A former security chief at the Los Angeles Department of Water and Power is suing the municipal utility, alleging that he was fired for complaining about security gaps and illegal actions by other employees.
Patrick Findley, who oversaw security and emergency management, was terminated earlier this year. His ouster came shortly after the release of a confidential report that pinpointed security vulnerabilities at three power stations, spurring concern at City Hall.
In his lawsuit, Findley says he had told the authors of that report, Navigant Consulting, that facility managers had ignored his concerns about malfunctioning security systems, scant lighting and other problems — revelations that proved embarrassing to the agency after reporters obtained an unredacted version of the study.
Findley also claims that he repeatedly complained to his supervisors about illegal activity by other employees, including burglarizing a department facility, skipping out on work, and ordering other employees to do tasks for the personal benefit of their bosses rather than to assist the utility.
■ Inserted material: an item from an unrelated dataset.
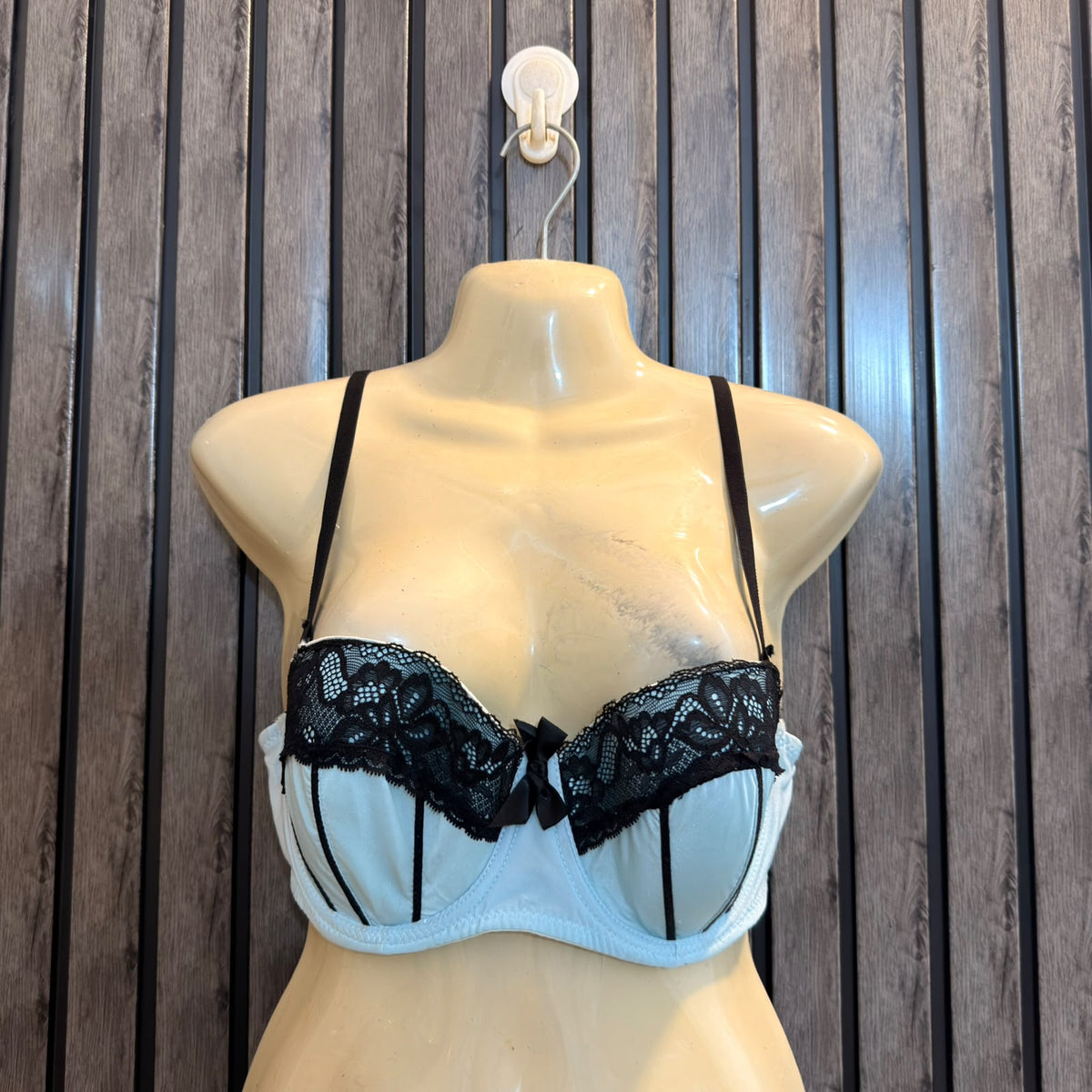Chest Large Western Women’s Bra Collection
In addition, Findley told an independent group doing an audit for the city controller that utility employees had drawn up contract specifications and then successfully bid on the work themselves using “dummy companies,” as well as other unlawful acts, the lawsuit claims.
The former security chief alleges that the DWP failed to act on his concerns and thwarted his investigations, instead firing him despite an “impeccable record” with the utility.
The lawsuit specifically claims that David Wright — a utility executive who was recently tapped by Mayor Eric Garcetti to serve as the DWP’s interim general manager — was unable to give Findley a reason for his termination in January.
DWP spokesman Joseph Ramallo said in a written statement Thursday that the utility had not yet been served with the complaint, which was filed Wednesday.
Nonetheless, “we strongly disagree with any allegation of retaliation and with the assertions Mr. Findley has made in his lawsuit,” Ramallo said. “This is an employment and legal matter and we cannot provide further comment.”
The Los Angeles Daily News first reported on the security concerns raised in the unredacted Navigant report earlier this year.